*YOUR GOAL:*
Output the whole listing exactly, with no pictures.

┌──

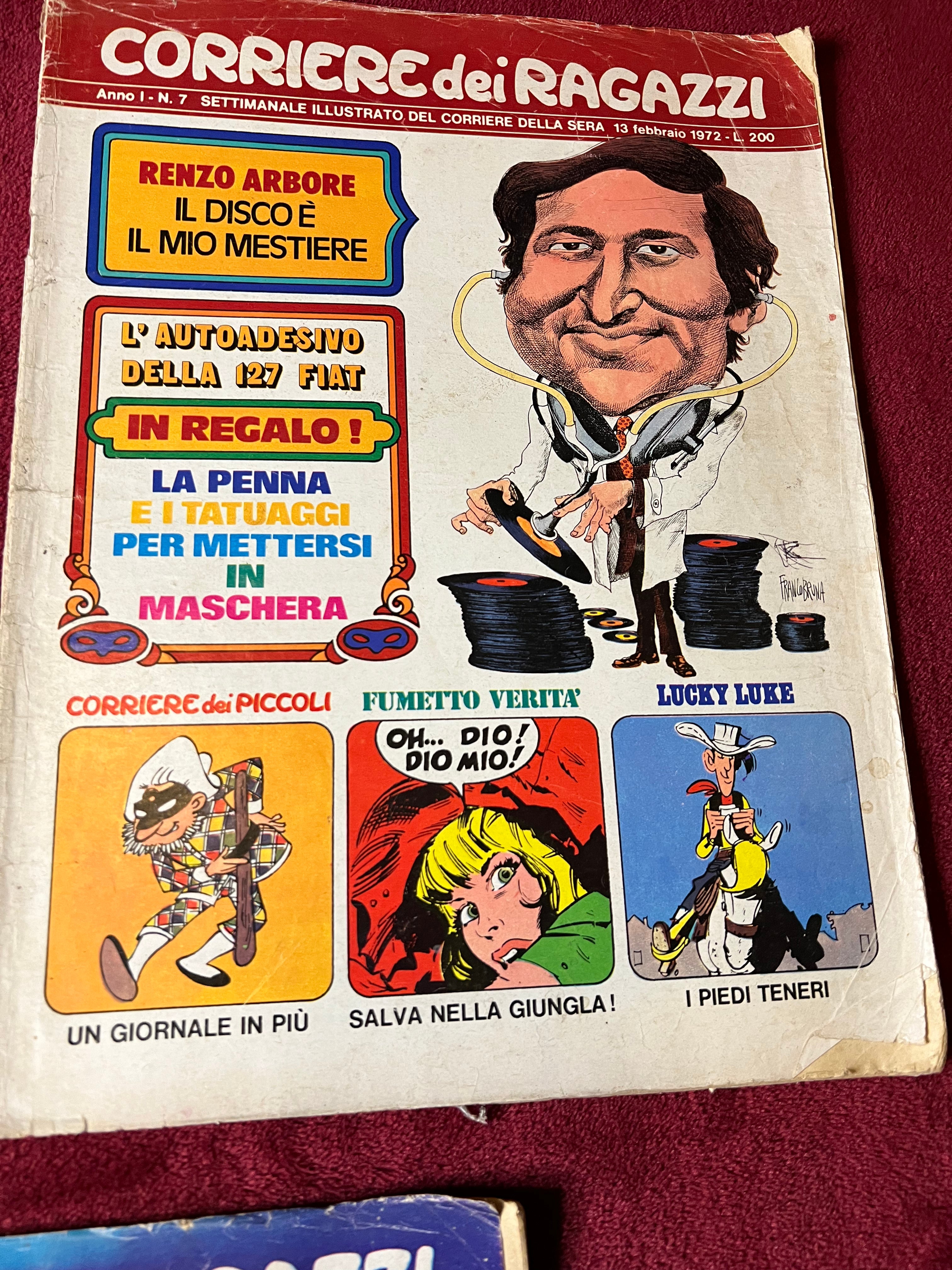 Corriere dei ragazzi cinque numeri 1972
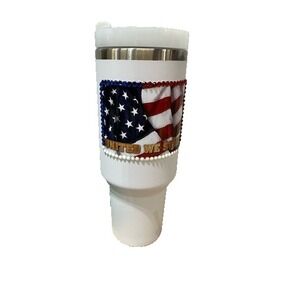 NEW 40 oz tumbler usa flag bling rhinestones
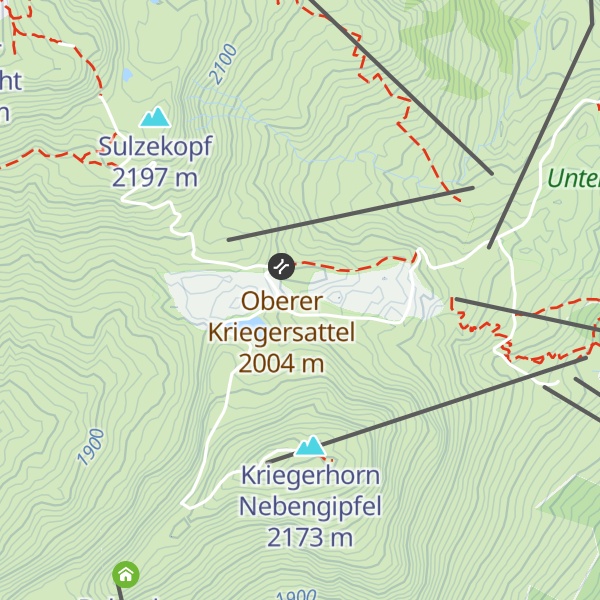 Map of Kriegeralpe
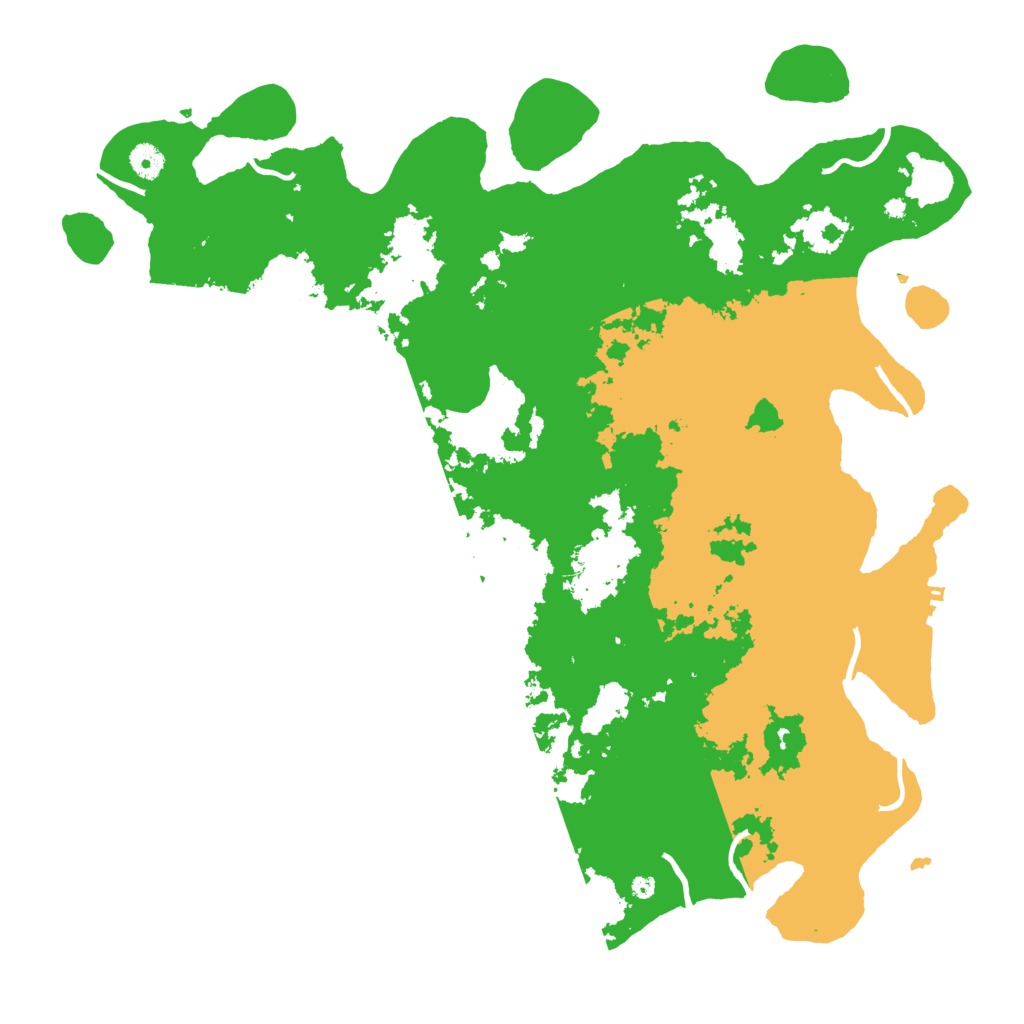 Biome Rust Map: Procedural Map, Size: 4500, Seed: 701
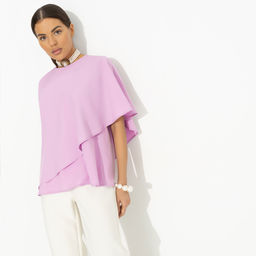 Блуза с эффектом многослойности, Лёгкая драма (розовая) - Charutti фото 4
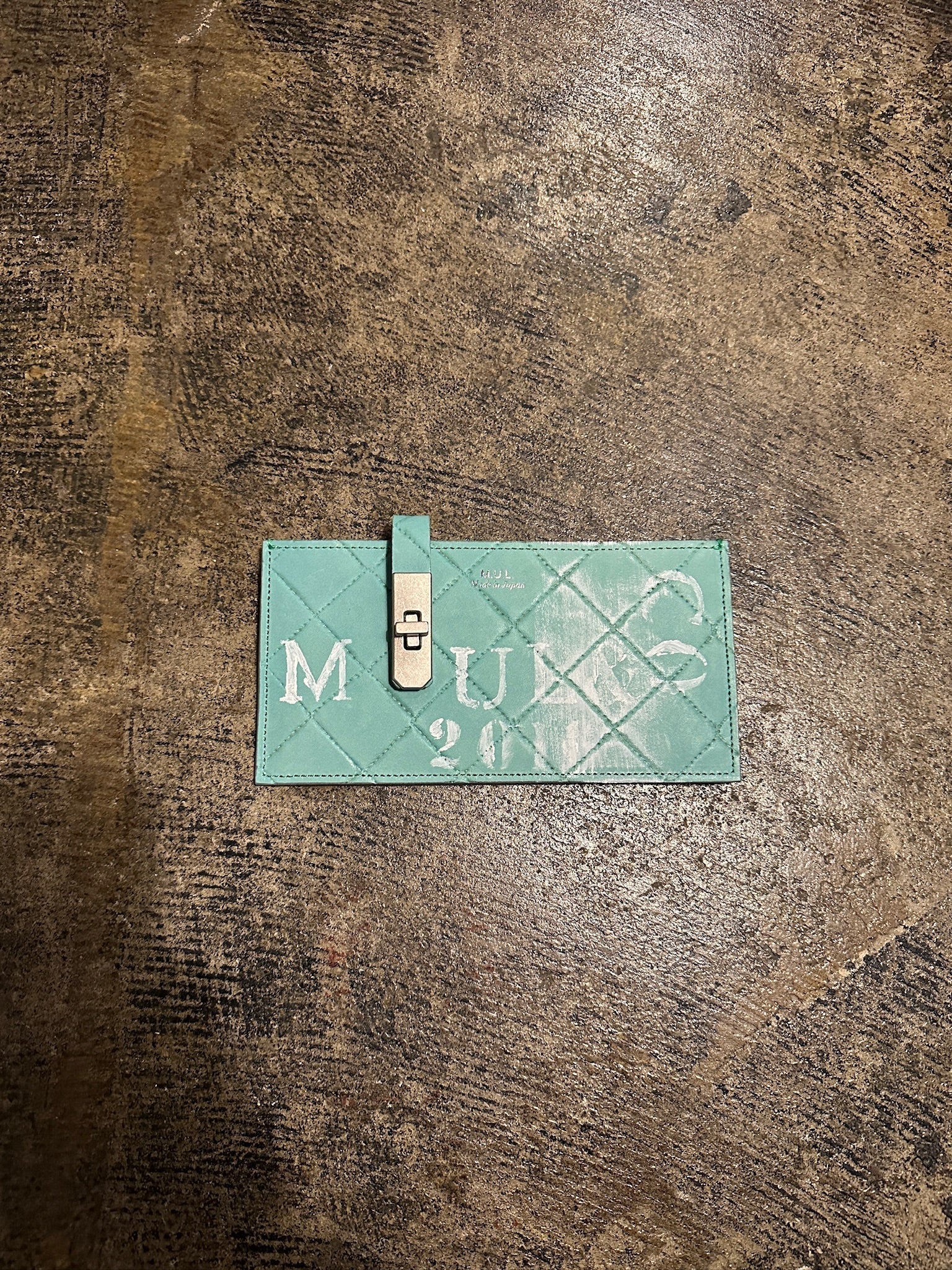 【M.U.L. 2026.3】FLAT LONG WALLET - 淡青緑 - Champdelarose
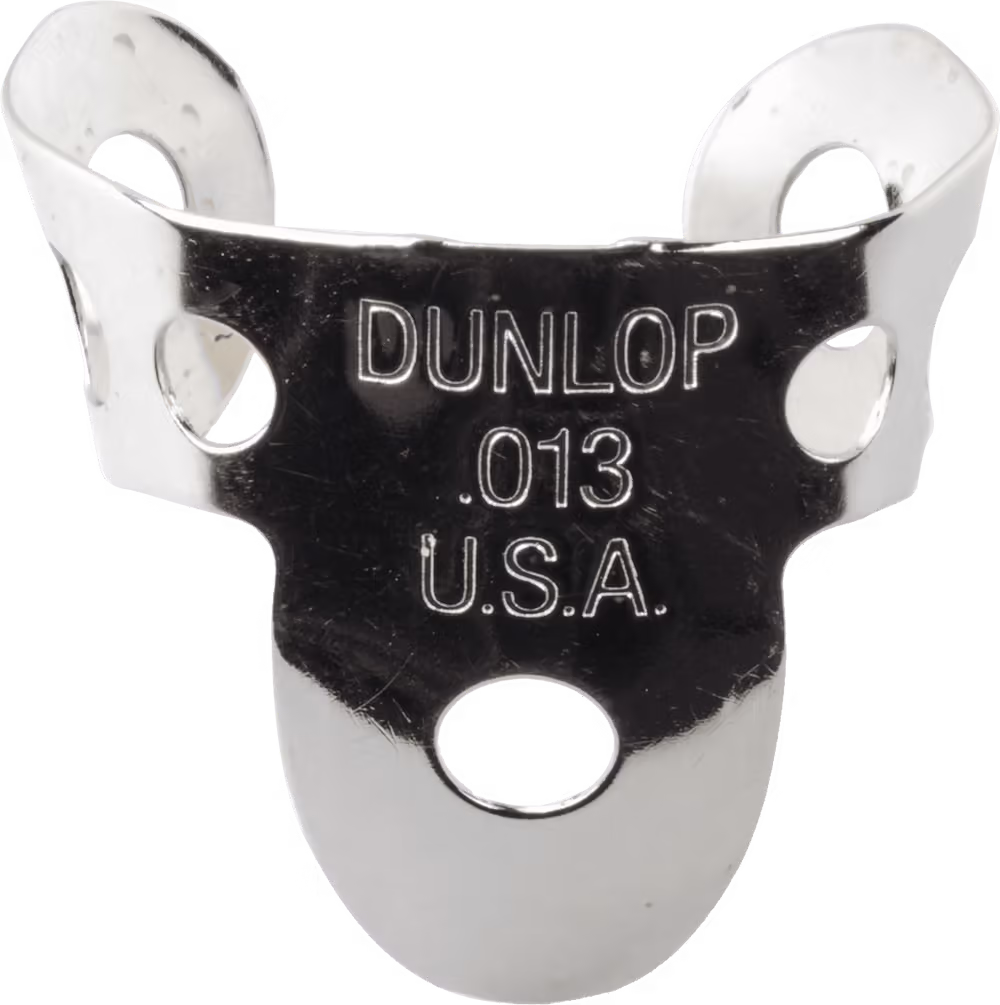 Dunlop Pack 5 Púas Dedo Nickel Silver Mini .013\" (0.33 Mm) ADU33R013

└──

*EXERCISE SOLUTION:*
 Corriere dei ragazzi cinque numeri 1972
 NEW 40 oz tumbler usa flag bling rhinestones
 Map of Kriegeralpe
 Biome Rust Map: Procedural Map, Size: 4500, Seed: 701
 Блуза с эффектом многослойности, Лёгкая драма (розовая) - Charutti фото 4
 【M.U.L. 2026.3】FLAT LONG WALLET - 淡青緑 - Champdelarose
 Dunlop Pack 5 Púas Dedo Nickel Silver Mini .013\" (0.33 Mm) ADU33R013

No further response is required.